Give the records again. Keep them exact and leave out the images.

Dataset records
_ _ _
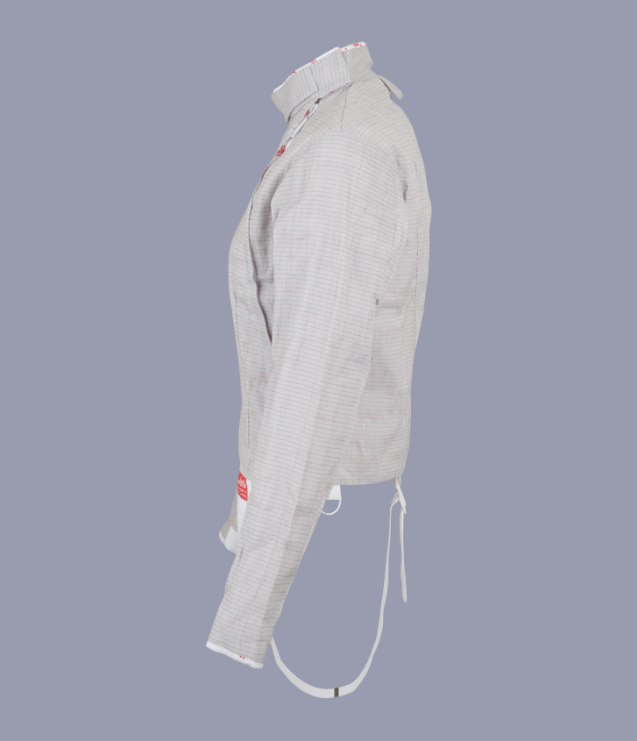 Allstar Girls Front Zip Sabre Lame Fencing Jacket - Lightweight Protective Gear for Youth Fencing Practice & Competitions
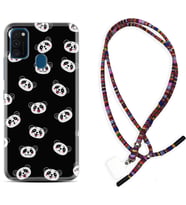Samsung M21 M22 M23 M30 M31S M32 Kılıf Boyun Asklı Rasta Silikon Panda Suratları 1773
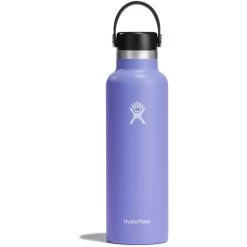 Hydro Flask 21 Oz Standard Mouth Insulated Bottle + Flex Cap - 621ml - Lupine
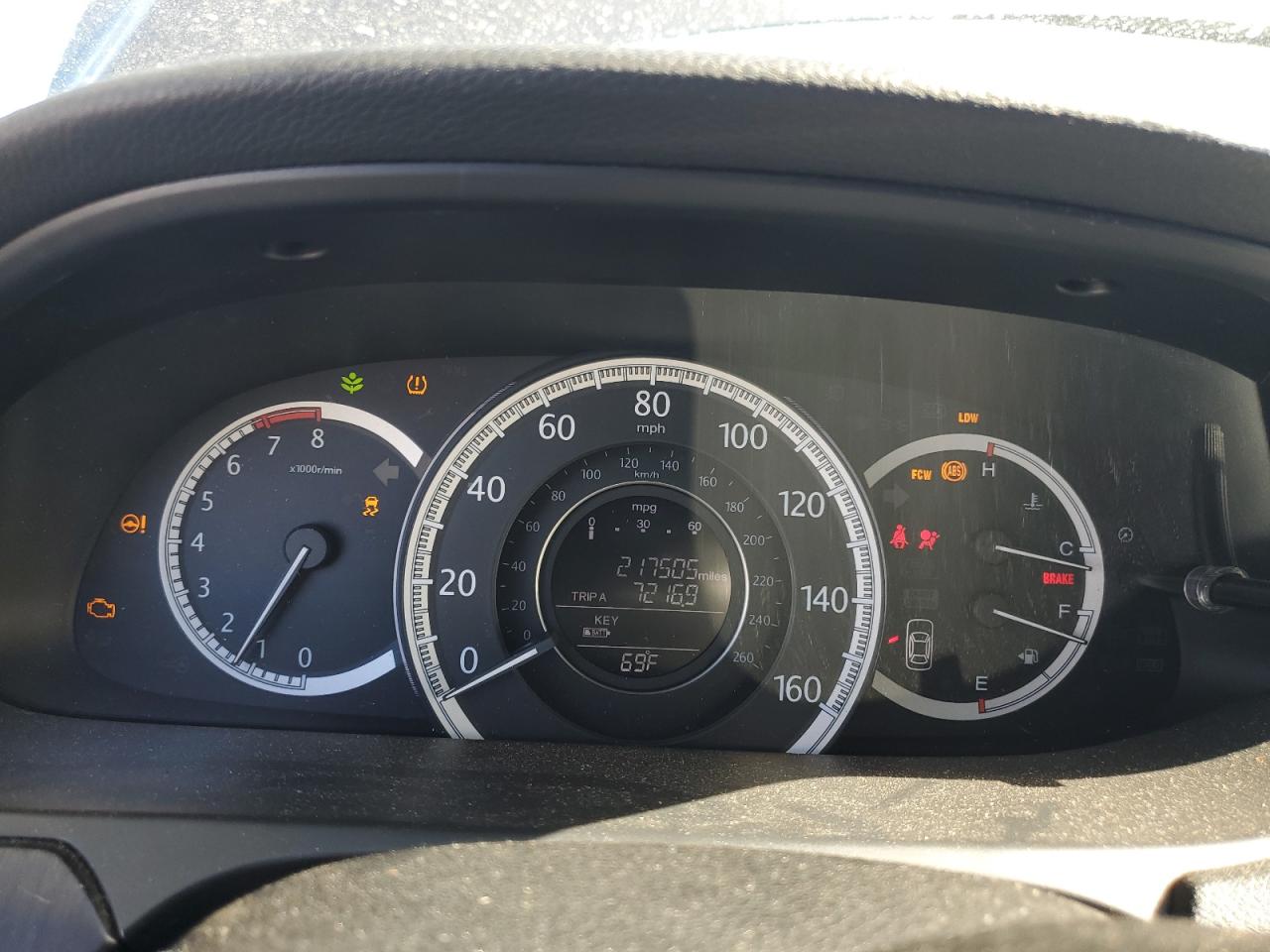 Lot #3302835917 2013 HONDA ACCORD EXL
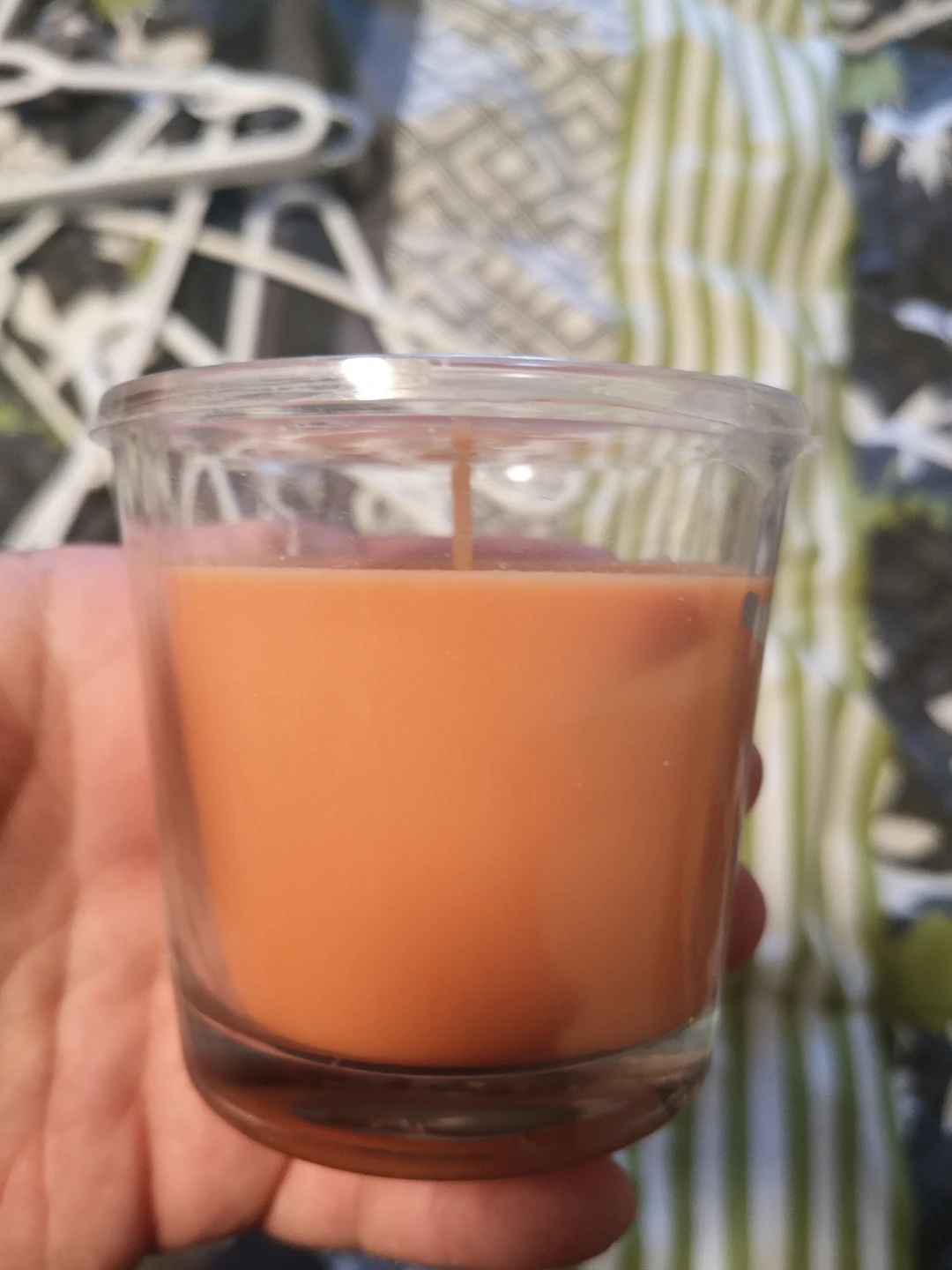 Candle Peach and Orange smell #freecycle - photo 3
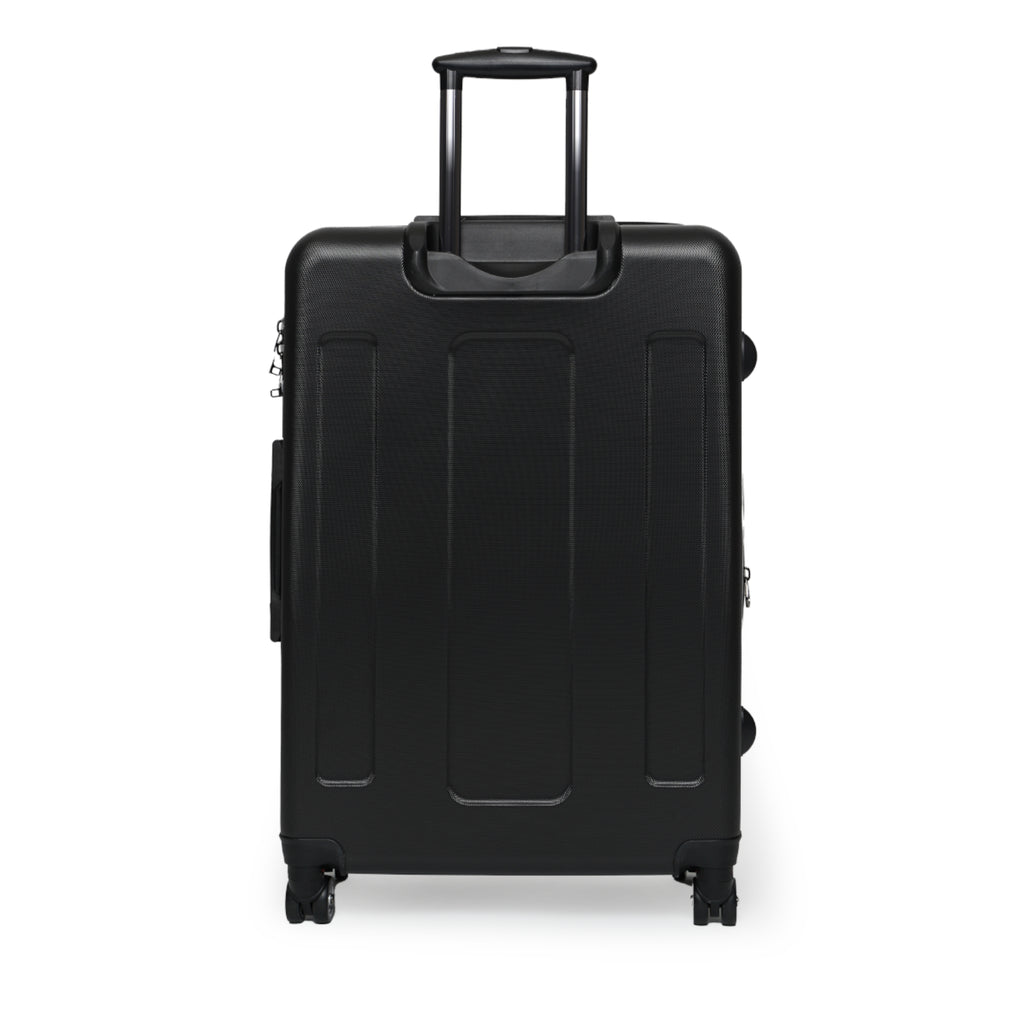 Suitcase — "Too Busy Building My Empire" Pink Boss Lady Carry-On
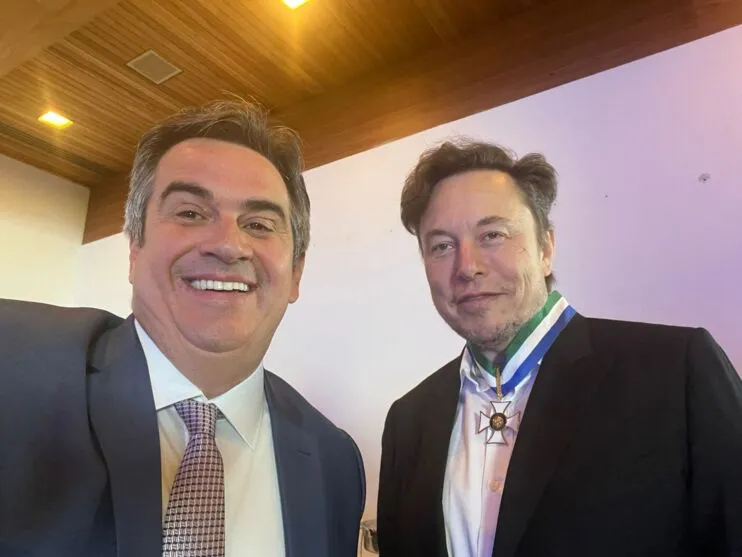  O Ministro-Chefe da Casa Civil, Ciro Nogueira, postou uma foto com o empresário Elon Musk 
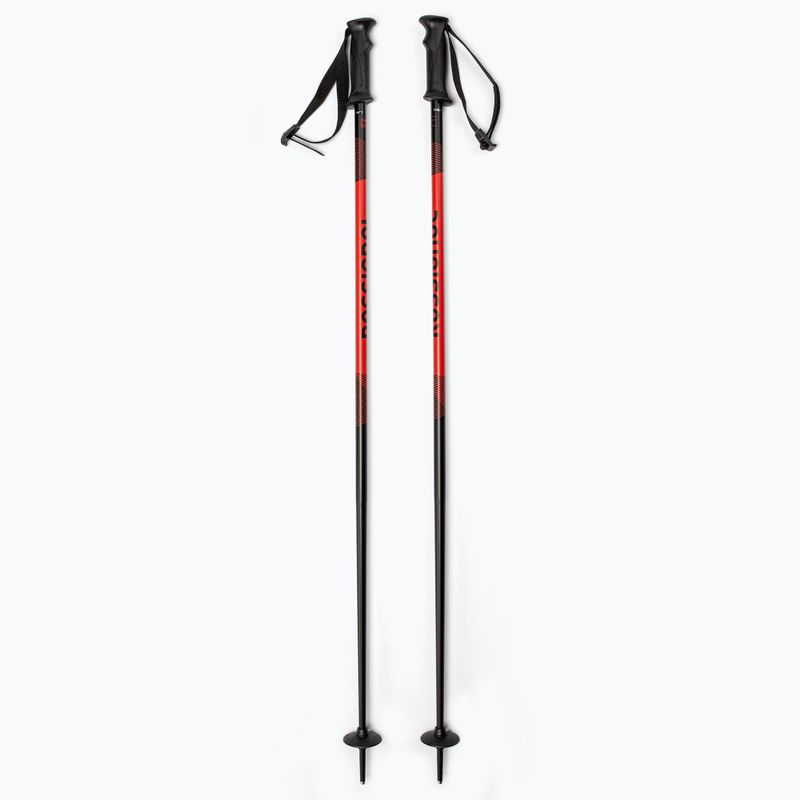 Lyžiarske palice Rossignol Tactic black/red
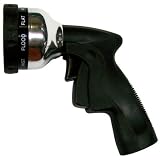 Plastair SpringNozzle WN-G-7M-AMZ 9-Pattern Spray Nozzle With Trigger Lock - Chrome by Plastair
_ _ _
#### [Written solution]
 Allstar Girls Front Zip Sabre Lame Fencing Jacket - Lightweight Protective Gear for Youth Fencing Practice & Competitions
Samsung M21 M22 M23 M30 M31S M32 Kılıf Boyun Asklı Rasta Silikon Panda Suratları 1773
 Hydro Flask 21 Oz Standard Mouth Insulated Bottle + Flex Cap - 621ml - Lupine
 Lot #3302835917 2013 HONDA ACCORD EXL
 Candle Peach and Orange smell #freecycle - photo 3
 Suitcase — "Too Busy Building My Empire" Pink Boss Lady Carry-On
  O Ministro-Chefe da Casa Civil, Ciro Nogueira, postou uma foto com o empresário Elon Musk 
 Lyžiarske palice Rossignol Tactic black/red
 Plastair SpringNozzle WN-G-7M-AMZ 9-Pattern Spray Nozzle With Trigger Lock - Chrome by Plastair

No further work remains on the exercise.